Tumore - Differenza tra tumore e cancro
Il nastro rosa è il simbolo della lotta e della prevenzione al tumore al seno.

Dunque si possono avere tumori benigni o maligni. I tumori benigni sono masse di cellule ben delimitate, circondate da una capsula di tessuto connettivo, che le rendono incapaci di infiltrare i tessuti circostanti o di generare metastasi, per cui rimangono limitate nell’organo in cui si è sviluppato il tumore.
tumori maligni, definiti anche con il termine cancro, si differenziano dai precedenti per la loro capacità di infiltrare altri tessuti e di formare metastasi, ovvero di lasciare il sito di origine, attraverso i vasi sanguigni, il sistema linfatico o per semplice diffusione attraverso le cavità corporee, invadere i tessuti vicini, migrare dall’organo d’appartenenza per andare ad attaccare altri organi vitali, diffondendo così il tumore anche in altri tessuti; le metastasi rappresentano la fase più avanzata della progressione tumorale e costituiscono le principali cause dei decessi. Tuttavia la maggior parte dei tumori maligni originano dall’evoluzione di tumori benigni, che acquistano la capacità di infiltrare i tessuti e metastatizzare.
I processi tumorali maligni, a seconda del tessuto nel quale hanno origine, sono distinti fondamentalmente in tre gruppi.

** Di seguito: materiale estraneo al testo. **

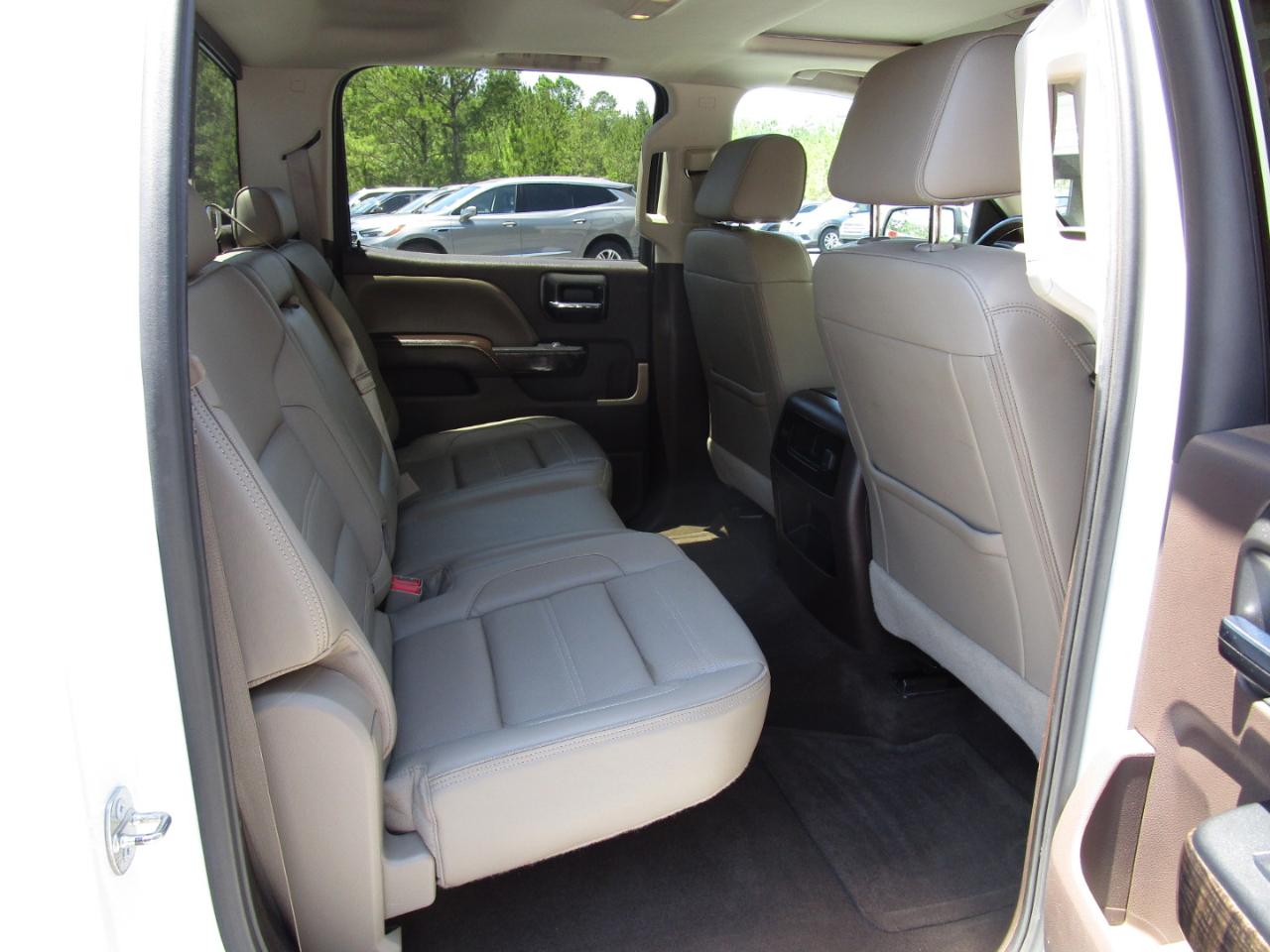 GMC Sierra 1500 4WD Crew Cab 143.5" Denali 2016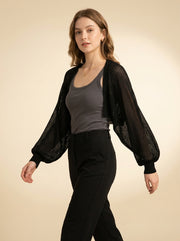 Lightweight Knit Cardigan — 3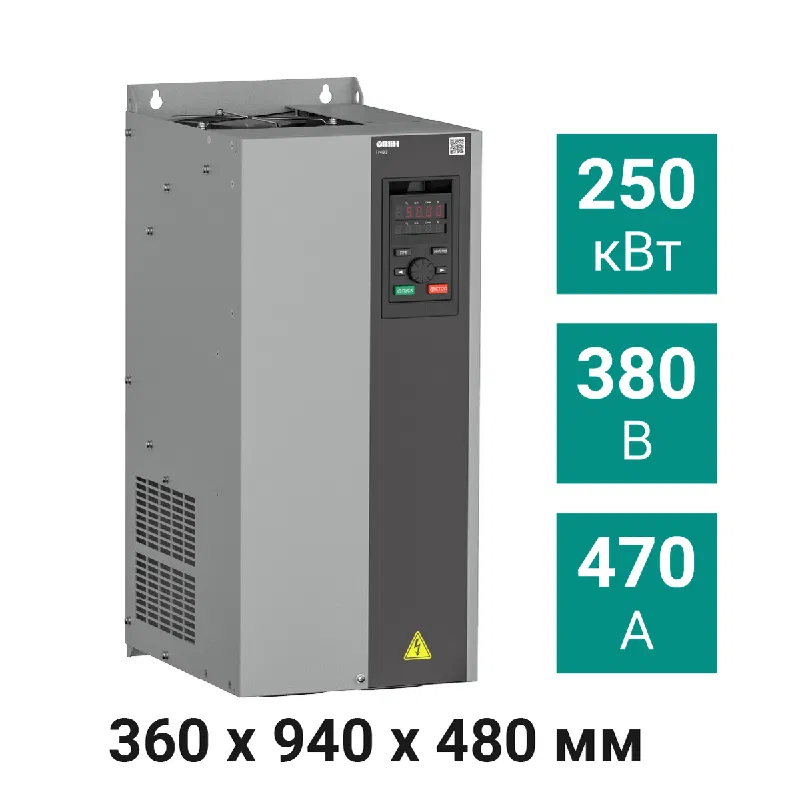 Vector frequency converter PCV3-250K-V OVEN 142420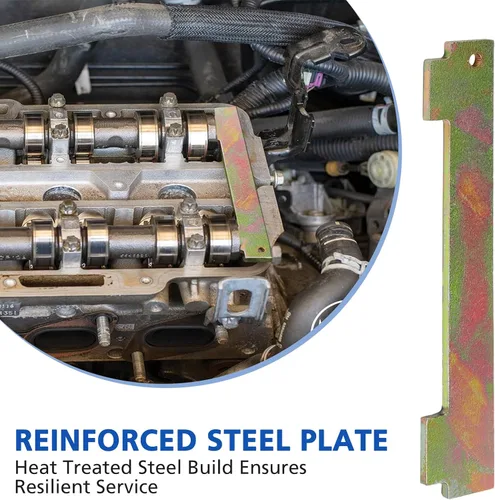 Vista 3 de BETOOLL HW8014 Chevrolet Alfa Romeo 16V 1.6 1.8 Juego de herramientas de sincronización, alineación, bloqueo y tensión de árbol de levas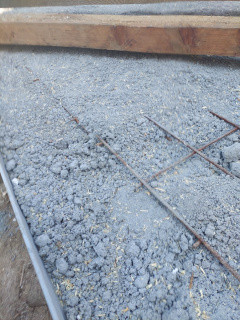 betonová terasa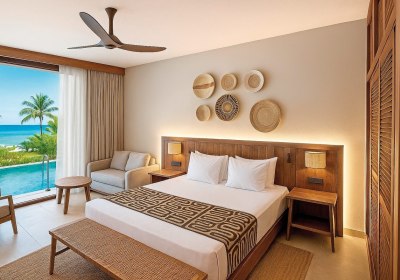 Wohnbeispiel Deluxe Swim Up Ocean View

Si parla di carcinomi quando vengono interessati i tessuti ghiandolari ed epiteliali, di sarcomi se sono colpiti i tessuti adiposi, connettivali e muscolari, oltre a vasi sanguigni, nervi, ossa e cartilagini, infine si parla di leucemia quando viene colpito il sistema circolatorio sanguigno o linfatico. Nella maggior parte dei tumori le cause scatenanti sono di tipo ambientale; generalmente la neoplasia è provocata dall’esposizione prolungata ad agenti cancerogeni e da abitudini dannose persistenti: fumo di sigarette, amianto, alcol, fumi sviluppati dalla combustione del petrolio o del carbone, una dieta squilibrata, esposizione a raggi ultravioletti, ecc..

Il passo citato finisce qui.